Balçiçek Pamir'in Fehmi Koru ile söyleşisinin birinci kısmını dün yayınlamıştık. İşte bugün o söyleşinin ikinci kısmı... Pamir'in soruları bitmedi, Koru cevap vermeye devam etti.. Aydın Doğan için "muhafazakar birisi" diyen Koru'ya göre, Doğan kendi yayınlarını tasvip etmiyor...
Tabii Balçiçek Pamir şu meşhur fasıl gecelerini de es geçmiyor.... Bakın Fehmi Koru'nun bu fasıl geceleri ile ilgili istediği şey ne?

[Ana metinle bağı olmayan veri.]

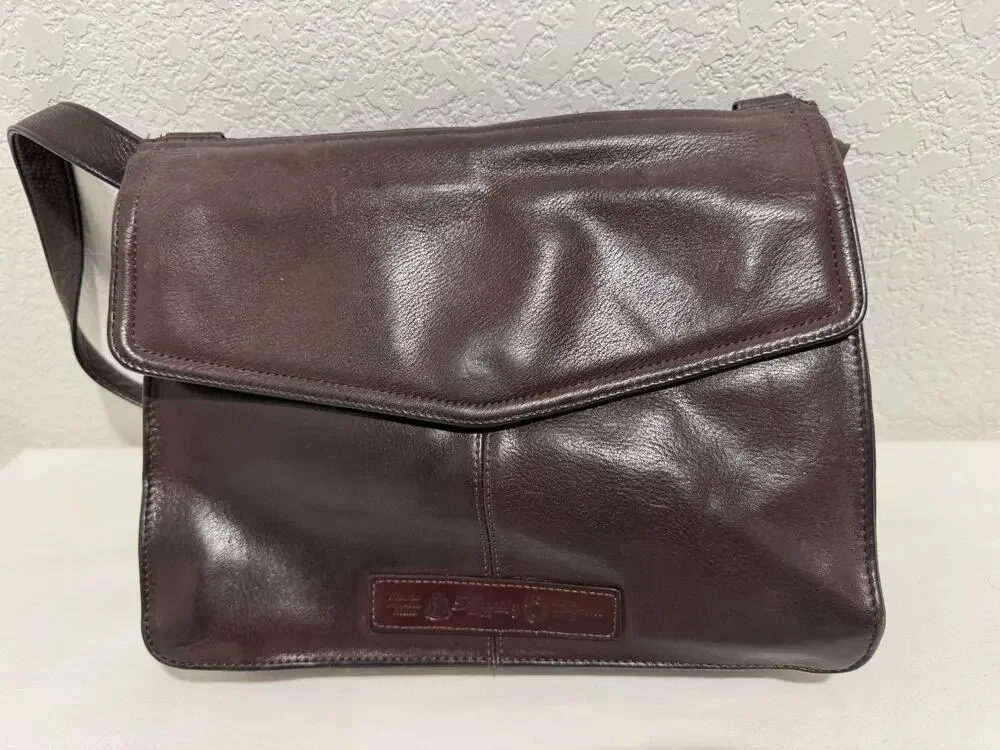 Vintage FOSSIL Brown Leather Purse Handbag Crossbody 75082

-Aydın Doğan’ı nasıl tanımlarsınız?
-Nereden baksanız muhafazakar birisi, muhafazakar değerleri olan bir insan. Yanında çalıştırdıkları maalesef bu muhafazakarlığı karikatürize eden yayınlar yapıyor ve onunla ortak paydalara sahip başka insanlara patronlarının üzerinden hakimiyet kuruyorlar.
-İyi polis kötü polis o zaman. Patron istemese olmaz ki!
-Ben tabloyu kendi çevremdekilerden farklı görüyorum. Bugün Türkiye’nin en büyük medya patronu kendisinin de tasvip etmediği bir yayın sürdürüyor.
-Tasvip etmediğini nereden biliyorsunuz?
-Tasvip ettiğini zannetmiyorum. Muhafazakar özelliklere sahip insanların kişisel hak ve özgürlüklerini bu denli küçümseyen bir yapıyı tasvip etmemesi lazım. Gerektiğinde darbeleri destekleyen, başkalarının hayatına müdahale eden, halktan büyük oy almış bir partiyi merkezi olmamakla suçlayan bir yapı bu.
-Rahatsızsa niye engel olmuyor?
-Ona şunu anlatmışlar. Patronlar karışmaz, sadece hisse senedi sahibidir anlayışı yayıyorlar. Sanki patron müdahale edemez gibi.
-Patronların müdahalesi gazeteciyi özgürlüğünü kısıtlamaz mı?
Patron bir kural koyar, kendi çerçevesini belirler, o çerçeve içindeki yayına karışmaz. Ama o çerçeve içinde yayın yapılmıyor ki. Bunlar patronun her müdahalesini basın haklarına müdahale gibi gösterip, kendi ideolojik çizgilerini sürdürüyorlar.
-Sizce bu durumdan rahatsız mı?
-Olmalı. Kendisini çok yakından tanıdığı insanlara gazetelerinden saldırılar yapılıyor. Mesela Cumhurbaşkanı’nın Suudi Arabistan karalından aldığı hediye.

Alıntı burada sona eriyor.